*** SUPPLIED DATA Section Begins ***

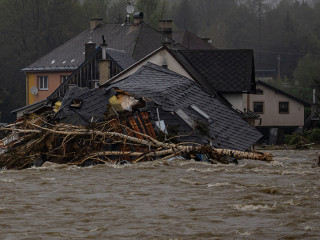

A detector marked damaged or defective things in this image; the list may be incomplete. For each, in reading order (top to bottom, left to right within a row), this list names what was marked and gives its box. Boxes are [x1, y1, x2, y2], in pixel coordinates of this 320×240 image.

damaged roof [108, 62, 262, 151]
damaged roof [171, 49, 256, 93]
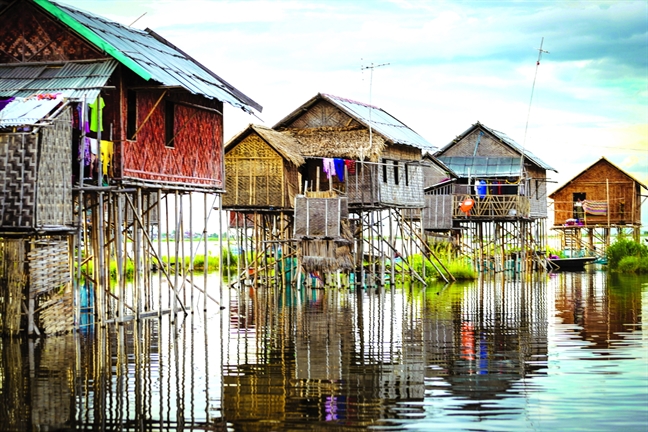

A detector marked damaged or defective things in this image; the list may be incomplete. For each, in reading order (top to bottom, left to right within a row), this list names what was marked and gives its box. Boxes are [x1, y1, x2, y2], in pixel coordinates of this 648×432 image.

rusty metal roof [0, 59, 117, 100]
rusty metal roof [35, 0, 260, 113]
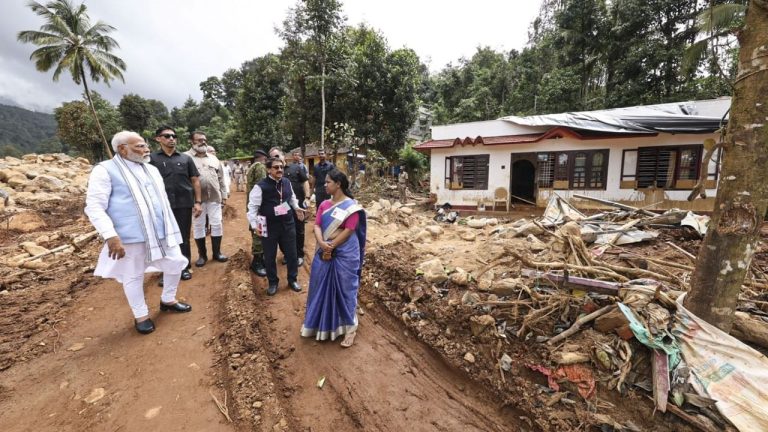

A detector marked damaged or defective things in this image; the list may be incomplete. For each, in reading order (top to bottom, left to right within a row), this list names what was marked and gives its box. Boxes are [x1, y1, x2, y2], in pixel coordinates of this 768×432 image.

damaged house [416, 98, 728, 213]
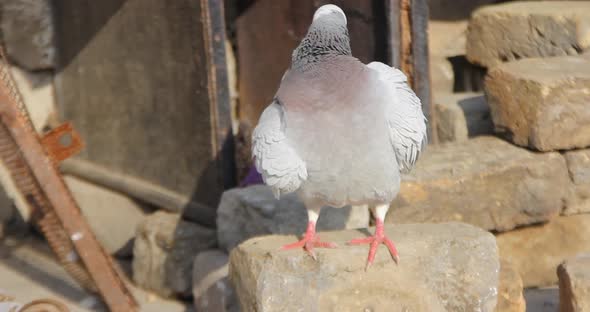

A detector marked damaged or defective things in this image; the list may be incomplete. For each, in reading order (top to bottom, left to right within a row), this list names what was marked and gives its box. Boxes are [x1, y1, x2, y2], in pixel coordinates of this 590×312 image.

rusty metal bar [0, 47, 138, 310]
rusty metal frame [0, 47, 138, 310]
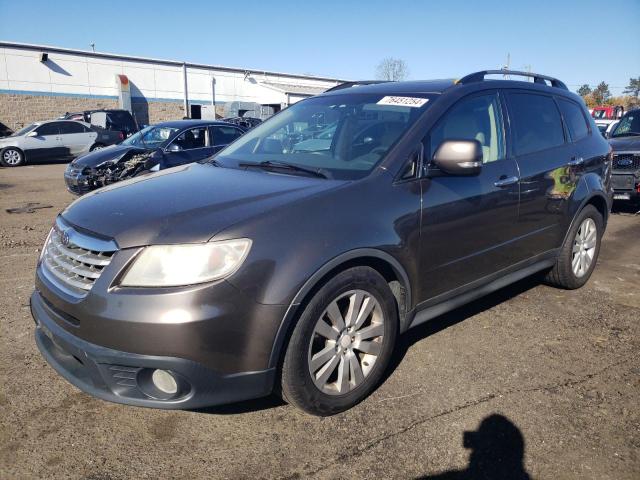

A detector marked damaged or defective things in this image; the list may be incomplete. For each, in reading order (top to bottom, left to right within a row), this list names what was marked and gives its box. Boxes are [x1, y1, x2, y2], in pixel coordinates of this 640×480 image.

damaged sedan [65, 120, 245, 195]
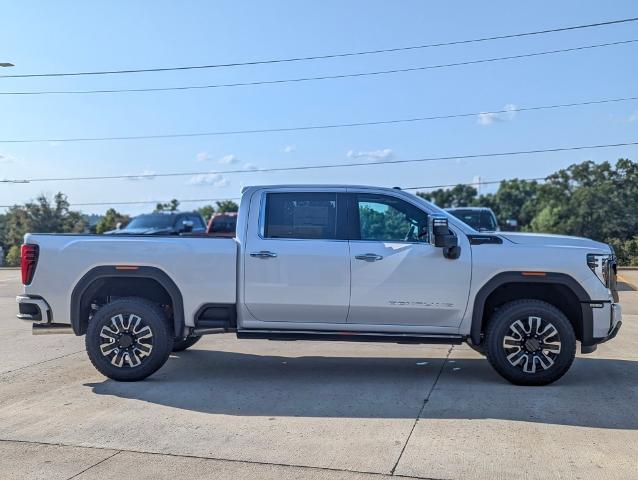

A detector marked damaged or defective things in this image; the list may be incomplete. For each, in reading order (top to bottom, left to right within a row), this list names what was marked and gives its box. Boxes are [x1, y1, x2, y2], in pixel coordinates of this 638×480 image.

crack in pavement [390, 344, 456, 476]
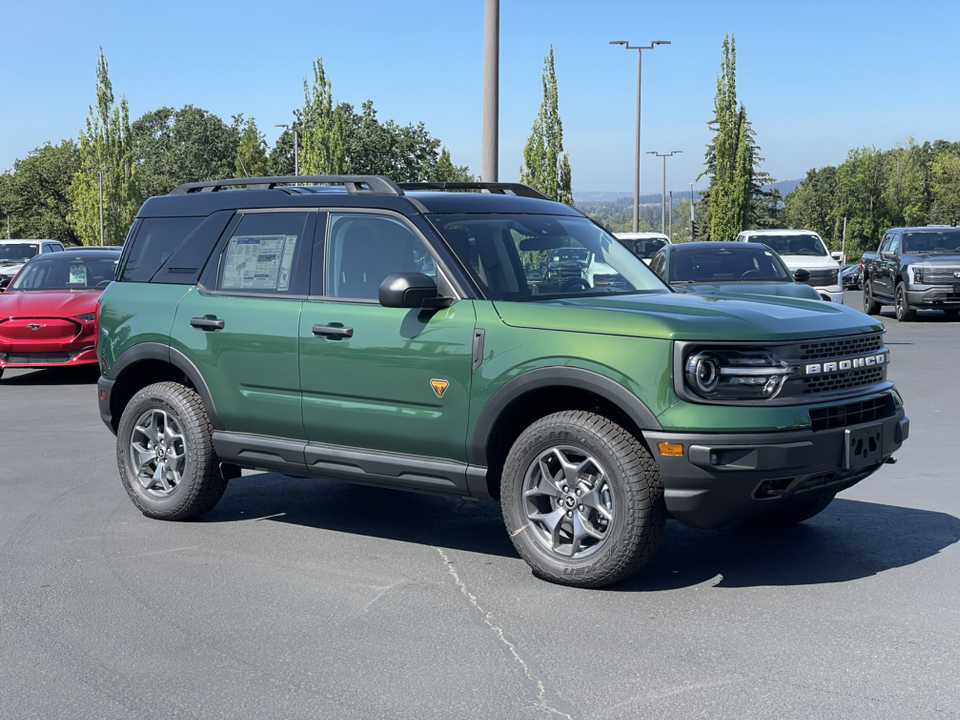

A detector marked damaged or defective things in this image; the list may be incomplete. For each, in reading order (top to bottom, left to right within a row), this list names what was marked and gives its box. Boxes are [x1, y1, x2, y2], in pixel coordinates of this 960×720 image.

pavement crack [438, 548, 572, 716]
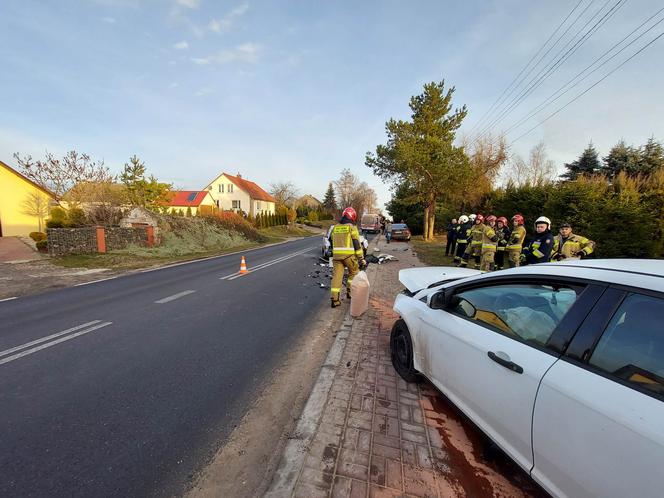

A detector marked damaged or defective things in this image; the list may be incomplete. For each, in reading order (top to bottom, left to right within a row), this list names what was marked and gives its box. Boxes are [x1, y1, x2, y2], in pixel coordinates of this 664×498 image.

white damaged car [390, 260, 664, 498]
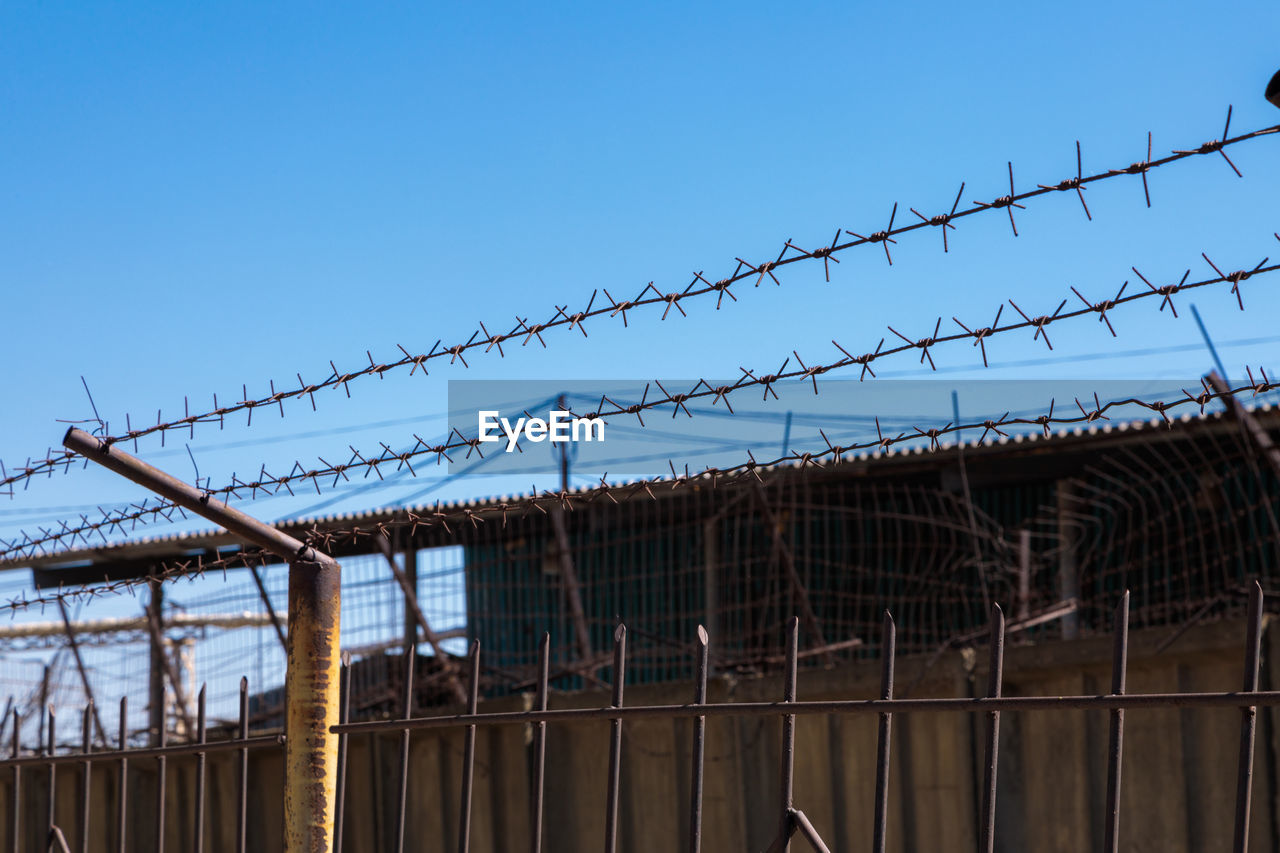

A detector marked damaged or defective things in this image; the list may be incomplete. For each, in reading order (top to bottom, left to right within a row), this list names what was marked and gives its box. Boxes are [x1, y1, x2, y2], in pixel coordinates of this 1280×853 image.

rusty metal pole [62, 427, 343, 845]
rusty barbed wire [5, 114, 1274, 499]
rusty barbed wire [5, 242, 1274, 563]
rusty barbed wire [2, 366, 1280, 612]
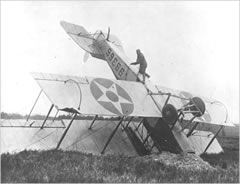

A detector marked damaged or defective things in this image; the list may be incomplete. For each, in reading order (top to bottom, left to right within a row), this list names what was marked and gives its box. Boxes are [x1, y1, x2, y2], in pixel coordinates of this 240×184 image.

crashed biplane [0, 21, 232, 155]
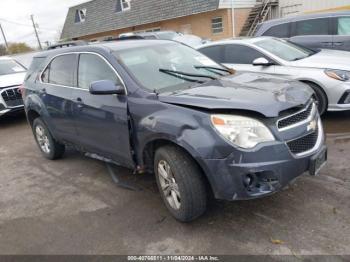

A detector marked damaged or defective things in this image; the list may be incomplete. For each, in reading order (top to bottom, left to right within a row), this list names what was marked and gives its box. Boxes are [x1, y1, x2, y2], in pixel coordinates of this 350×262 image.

crumpled hood [0, 72, 26, 89]
crumpled hood [158, 71, 312, 116]
crumpled hood [292, 49, 350, 70]
damaged suv [23, 40, 326, 221]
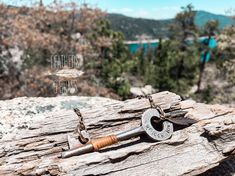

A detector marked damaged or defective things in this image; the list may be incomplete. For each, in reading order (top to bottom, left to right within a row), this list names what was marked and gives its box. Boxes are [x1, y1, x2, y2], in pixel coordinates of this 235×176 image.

rusty key [61, 108, 173, 158]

*** SUPPLIED DATA Section Ends ***

WHAT YOU NEED TO DO: Repeat the data exactly. Pictures should not appear.

ANSWER SECTION:
A detector marked damaged or defective things in this image; the list may be incomplete. For each, in reading order (top to bottom, left to right within a row), this list names what was marked and gives its box. Boxes are [x1, y1, x2, y2], in pixel coordinates of this 320×240 image.

damaged roof [108, 62, 262, 151]
damaged roof [171, 49, 256, 93]

A detector marked damaged or defective things in this image; the list may be incomplete. For each, in reading order (top to bottom, left to right within a row), this list names what was marked and gives its box. Boxes are [x1, y1, x2, y2], in pixel coordinates of this 648×432 image.

rusty metal roof [0, 59, 117, 100]
rusty metal roof [35, 0, 260, 113]

A detector marked damaged or defective things in this image; the list may be incomplete. For each, in reading order (top to bottom, left to right within a row), this list names what was marked and gives its box. Boxes are [x1, y1, x2, y2], in pixel coordinates of this 768×432 image.

damaged house [416, 98, 728, 213]

A detector marked damaged or defective things in this image; the list may be incomplete. For each, in reading order (top to bottom, left to right within a row), this list names what was marked and gives its box. Boxes are [x1, y1, x2, y2], in pixel coordinates of this 590×312 image.

rusty metal bar [0, 47, 138, 310]
rusty metal frame [0, 47, 138, 310]

A detector marked damaged or defective things in this image; the list may be incomplete. For each, in reading order (top to bottom, left to right within a row), this list names what was marked and gives its box. Boxes are [x1, y1, x2, y2], in pixel coordinates of this 640×480 image.

damaged sedan [65, 120, 245, 195]

A detector marked damaged or defective things in this image; the list may be incomplete. For each, in reading order (top to bottom, left to right within a row), this list names what was marked and gives its box. Boxes are [x1, y1, x2, y2], in pixel coordinates of this 638×480 image.

crack in pavement [390, 344, 456, 476]

A detector marked damaged or defective things in this image; the list may be incomplete. For each, in reading order (top to bottom, left to right within a row), this list names what was marked and gives its box. Boxes are [x1, y1, x2, y2], in pixel coordinates of this 960×720 image.

pavement crack [438, 548, 572, 716]

A detector marked damaged or defective things in this image; the list may be incomplete. For each, in reading order (top to bottom, left to right within a row), this list names what was marked and gives its box. Boxes are [x1, y1, x2, y2], in pixel coordinates of this 664×498 image.

white damaged car [390, 260, 664, 498]

A detector marked damaged or defective things in this image; the list may be incomplete. For each, in reading order (top to bottom, left to right within a row), this list names what was marked and gives its box. Boxes are [x1, y1, x2, y2], in pixel coordinates of this 1280×853 image.

rusty metal pole [62, 427, 343, 845]
rusty barbed wire [5, 114, 1274, 499]
rusty barbed wire [5, 242, 1274, 563]
rusty barbed wire [2, 366, 1280, 612]

A detector marked damaged or defective things in this image; the list may be incomplete. For each, in reading order (top to bottom, left to right within a row), this list names what was marked and gives its box. Boxes are [x1, y1, x2, y2], in pixel coordinates of this 240×184 image.

crashed biplane [0, 21, 232, 155]

A detector marked damaged or defective things in this image; the list may be incomplete. For each, in reading order (top to bottom, left to right within a row), this list names what was marked and gives its box. Boxes are [x1, y1, x2, y2], in pixel coordinates of this 350×262 image.

crumpled hood [0, 72, 26, 89]
crumpled hood [158, 71, 312, 116]
crumpled hood [292, 49, 350, 70]
damaged suv [23, 40, 326, 221]

A detector marked damaged or defective things in this image; the list may be incomplete. For each, in reading order (top to bottom, left to right within a row), this list names what was marked and gives its box. Boxes are [x1, y1, x2, y2], in pixel coordinates of this 235×176 image.

rusty key [61, 108, 173, 158]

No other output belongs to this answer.